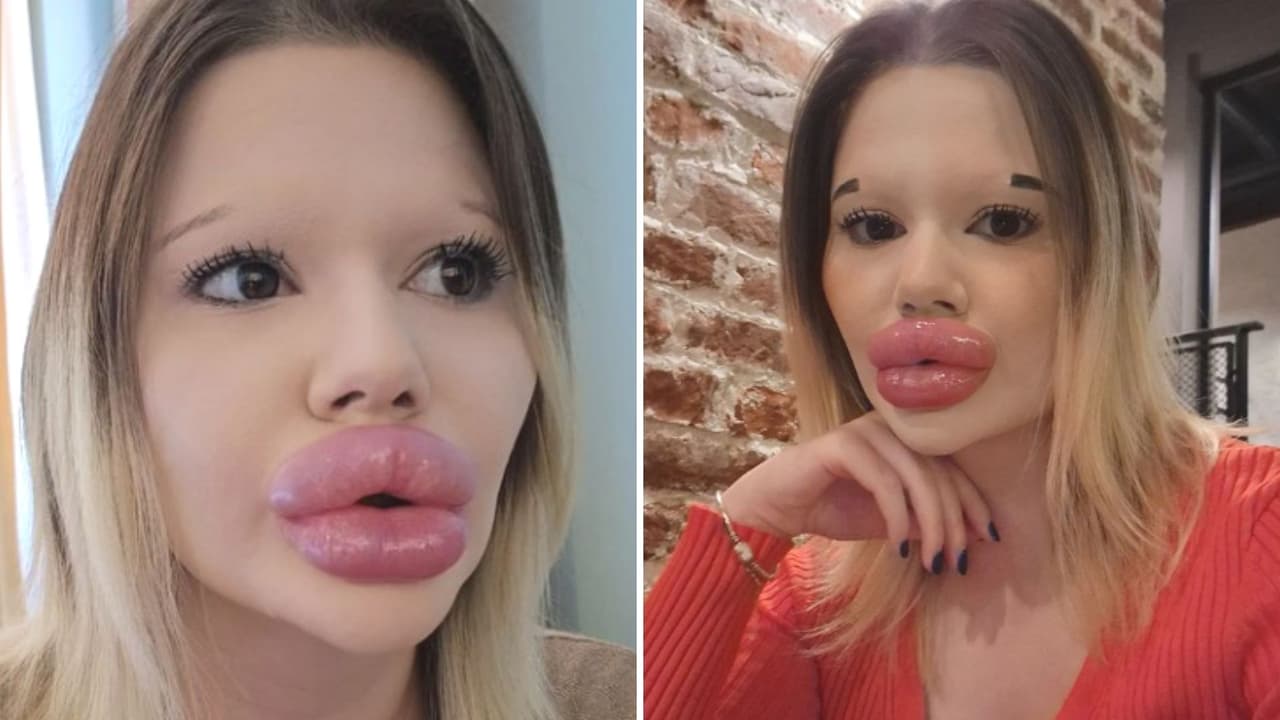 Mujer pagó miles de dólares por "los labios más grandes del mundo": impacta con su apariencia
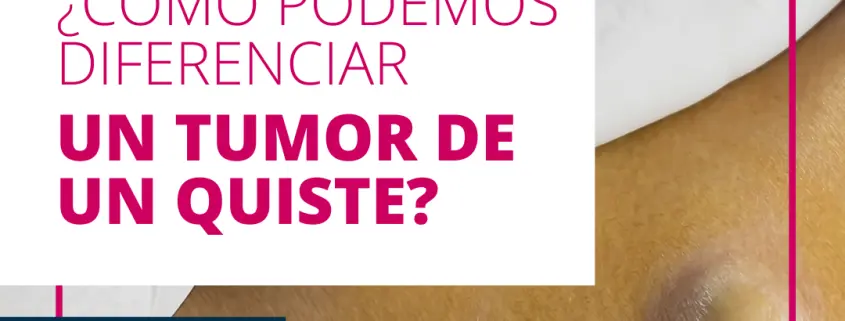 Diferencia entre Quiste y Tumor: Una Guía Completa - Cómo saber si es un tumor diferencia entre quiste y tumor - Cómo saber si es un tumor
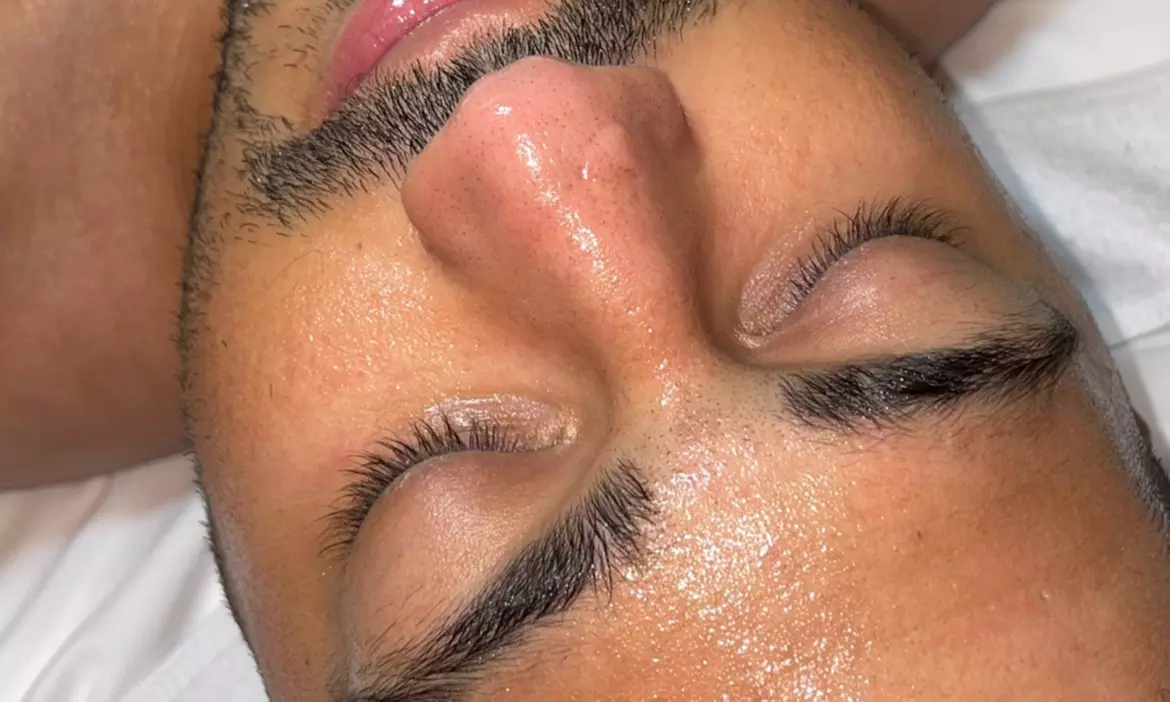 Up to 48% Off on Microdermabrasion at Dk Med Spa Microblading And Academy - Primary Image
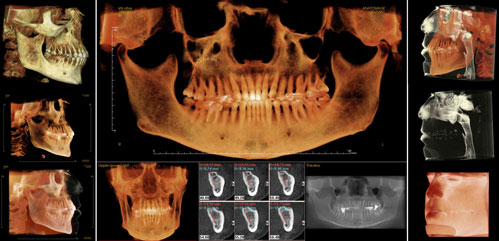3D Dental Implant
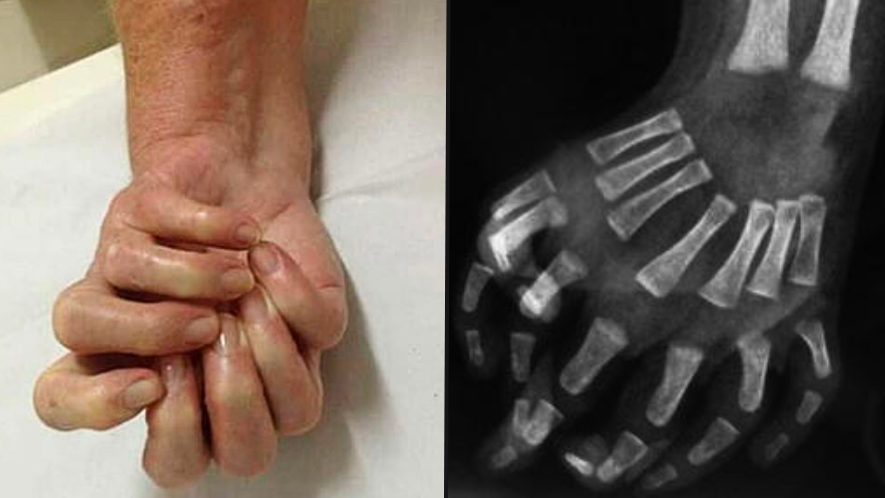 Rare 'mirror hand' syndrome causes one hand to be completely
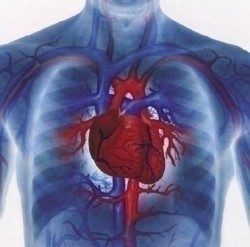Afectiuni cardiace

______

Give back every line of the material above word for word, leaving out the pictures.

 Mujer pagó miles de dólares por "los labios más grandes del mundo": impacta con su apariencia
 Diferencia entre Quiste y Tumor: Una Guía Completa - Cómo saber si es un tumor diferencia entre quiste y tumor - Cómo saber si es un tumor
 Up to 48% Off on Microdermabrasion at Dk Med Spa Microblading And Academy - Primary Image
3D Dental Implant
 Rare 'mirror hand' syndrome causes one hand to be completely
Afectiuni cardiace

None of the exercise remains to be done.